Your response should contain exactly the lines running from the one with "New balance" to the end of the data below, both included, and no pictures.

====

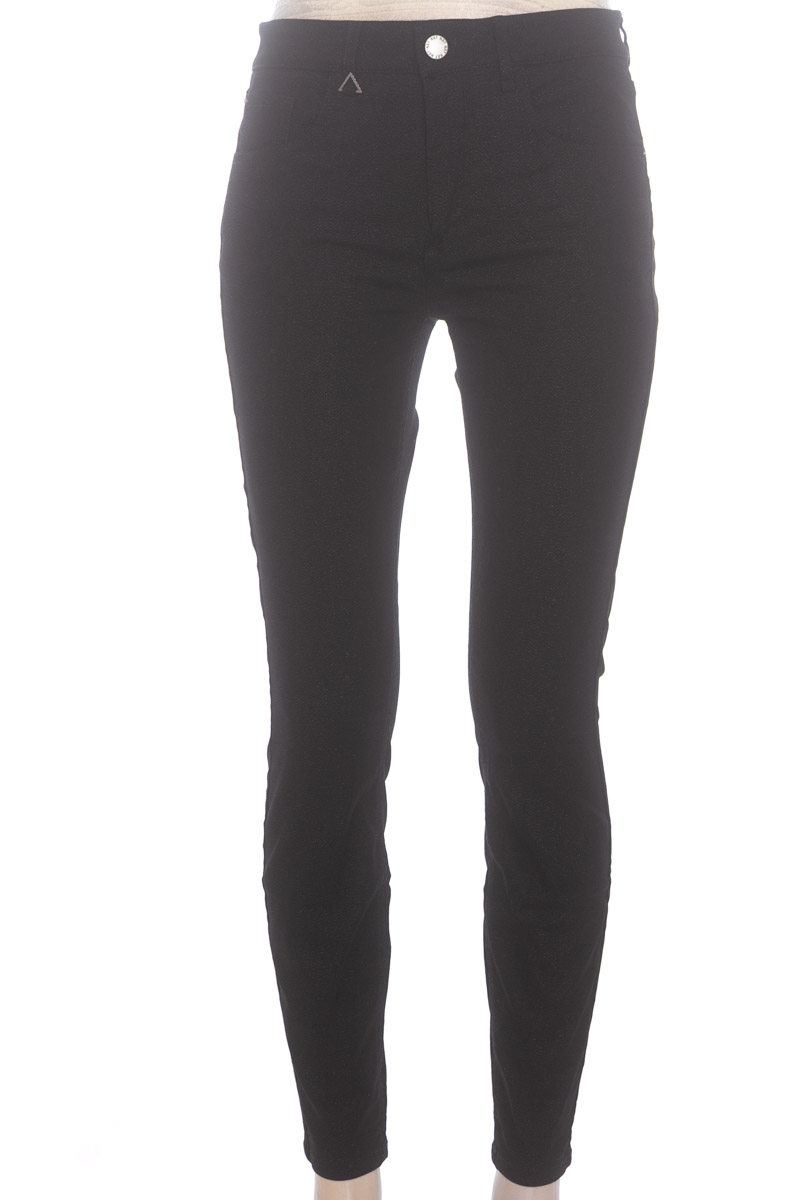 Pantalones color Negro - NAF NAF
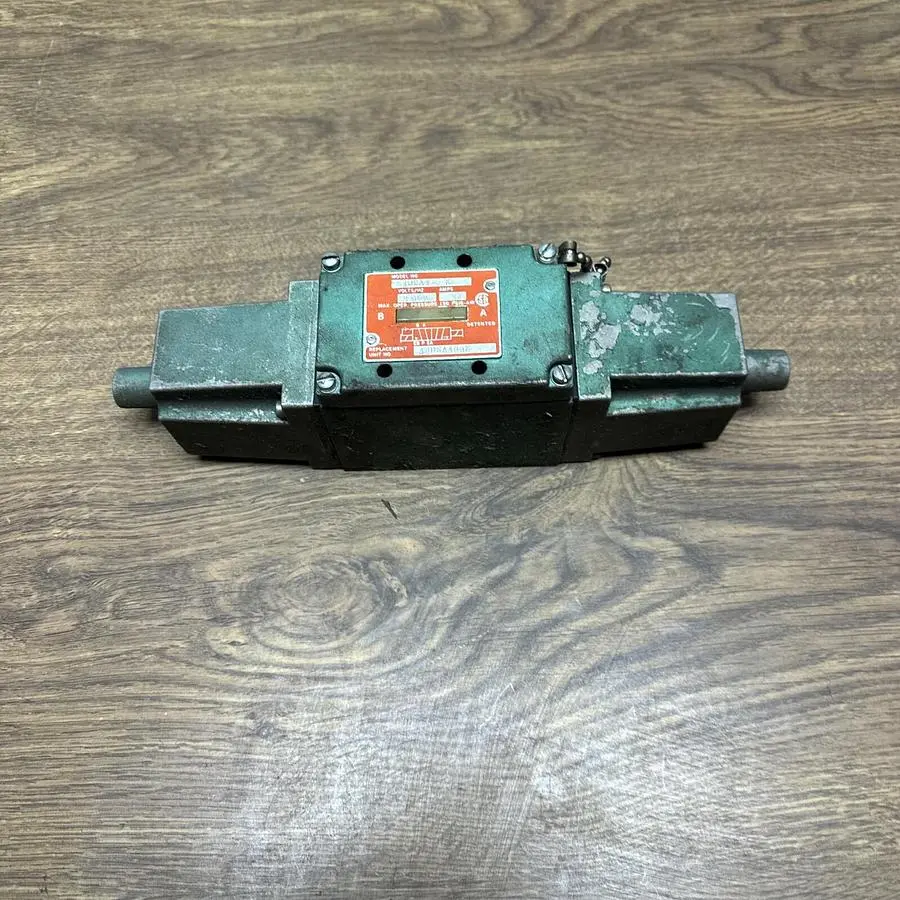 Used NUMATICS 33DSA4K Solenoid Valves Ohio US | Surplus Asset Holdings #1235983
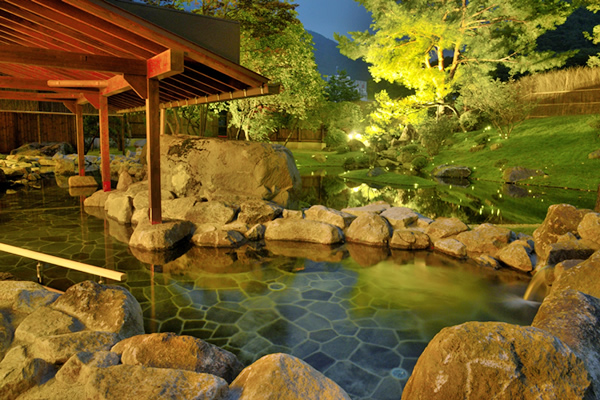 蛍あかりの湯
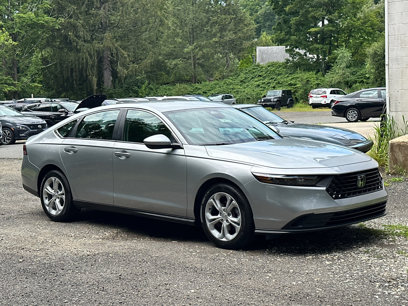Used 2025 Honda Accord LX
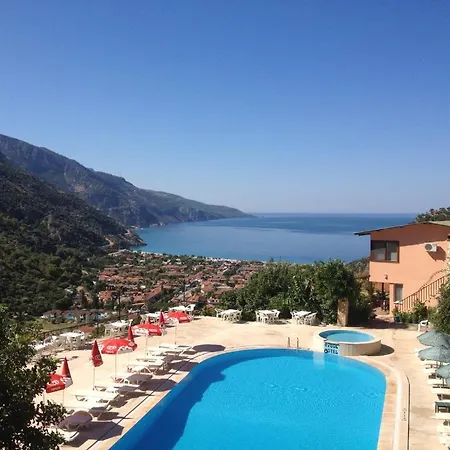 Hotel Aygul Ölüdeniz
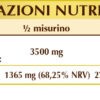 Bicarbonato Sodiozero 300gr polvere alcalinizzante senza sodio dr. Giorgini
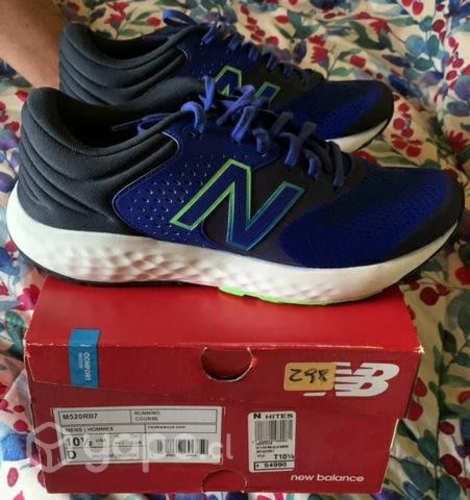 New balance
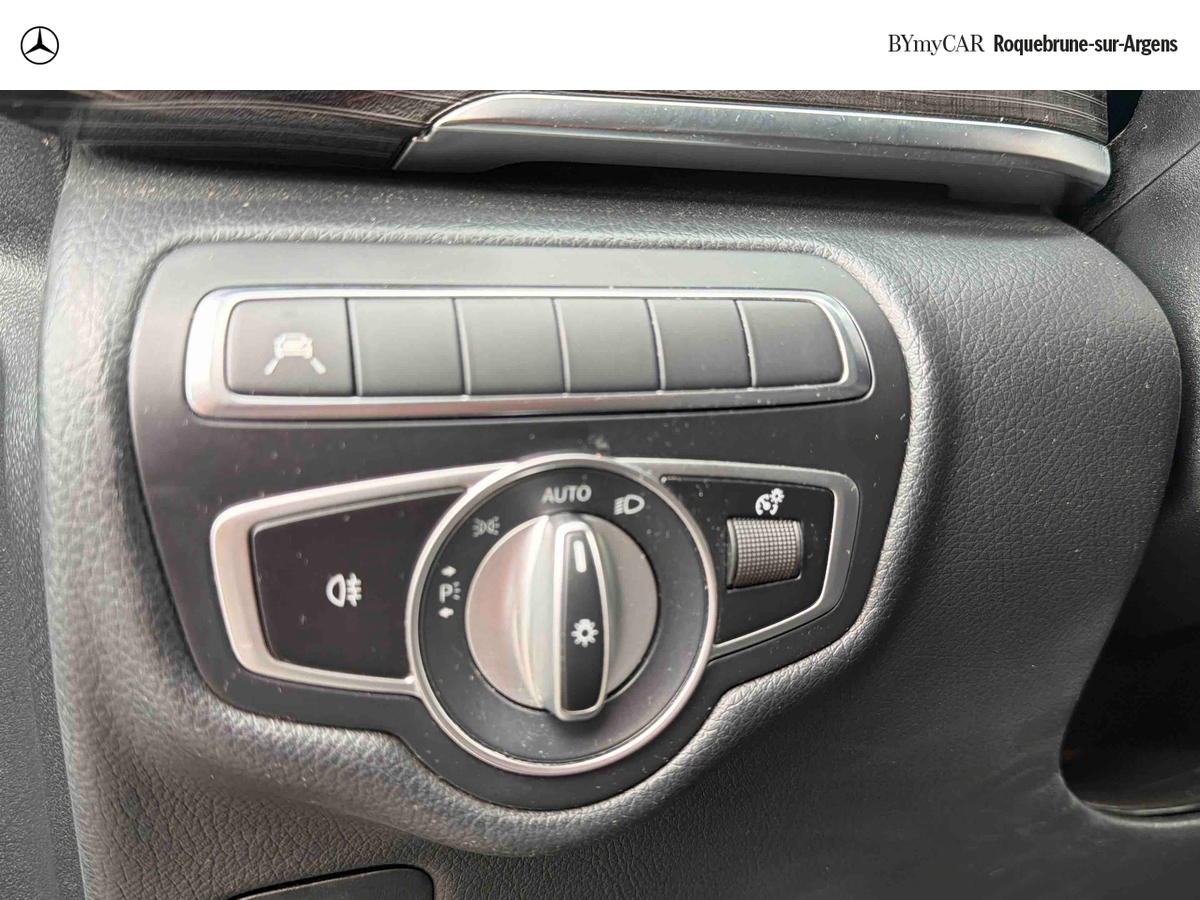 Mercedes Classe V Extra-Long 250 d 9G-TRONIC — photo 22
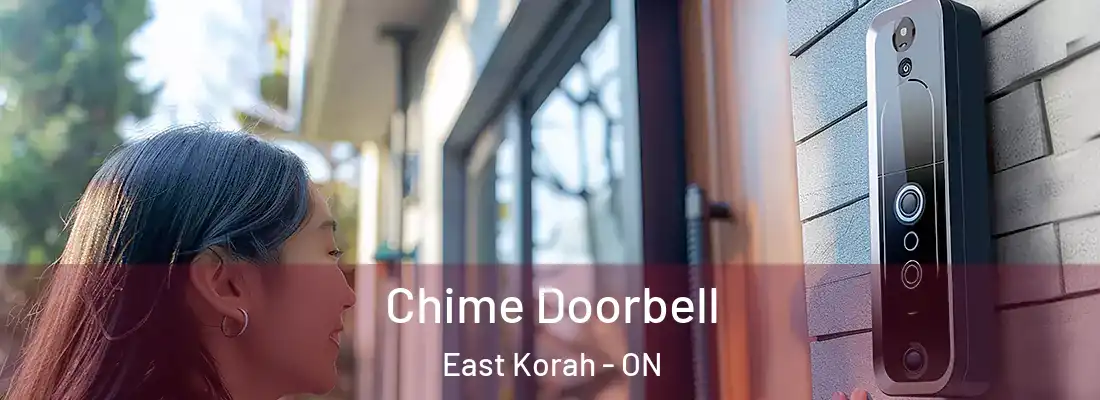 Chime Doorbell East Korah - ON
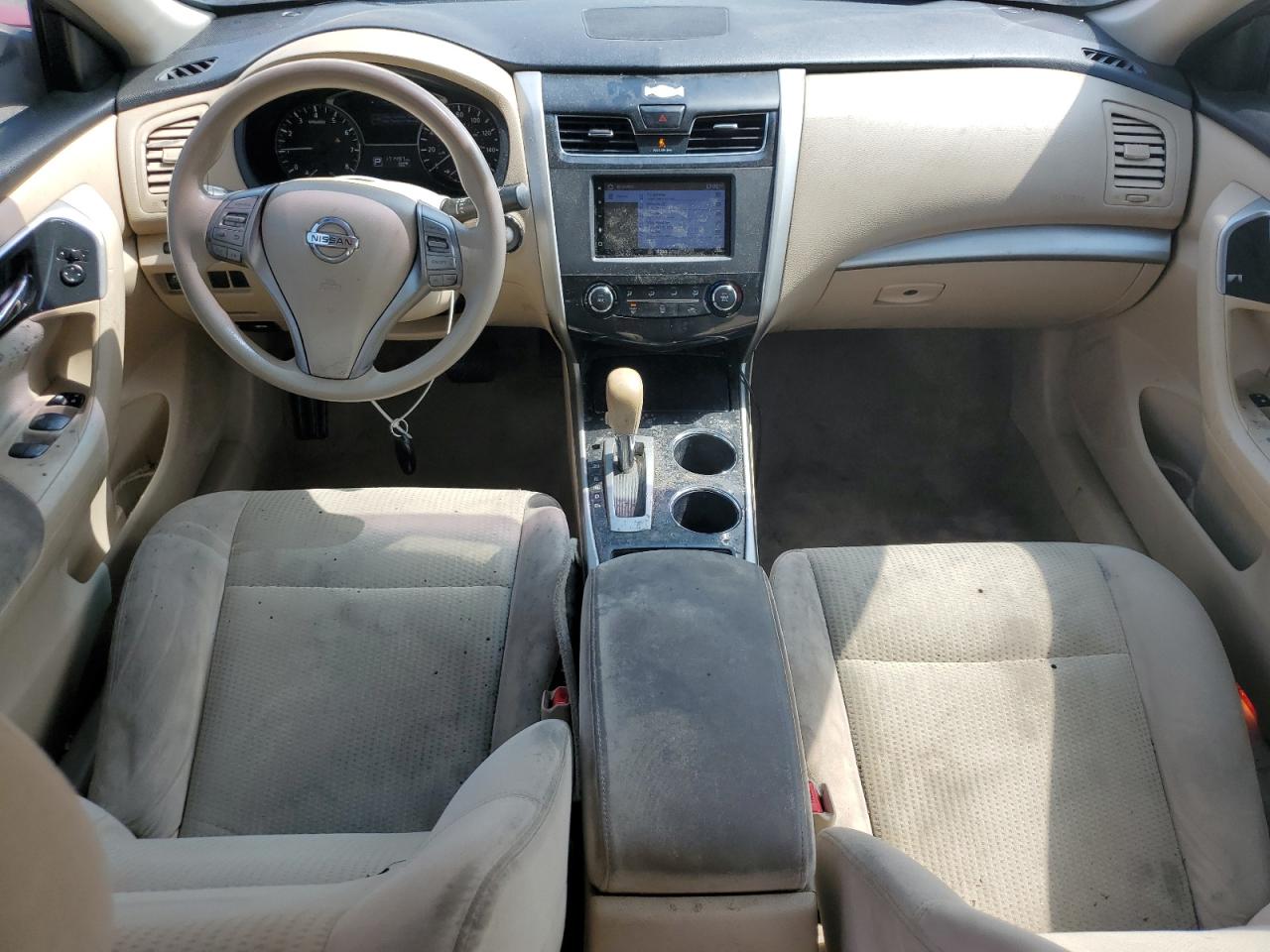 Nissan Altima 2.5 2014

====

## [Response to the exercise]
 New balance
 Mercedes Classe V Extra-Long 250 d 9G-TRONIC — photo 22
 Chime Doorbell East Korah - ON
 Nissan Altima 2.5 2014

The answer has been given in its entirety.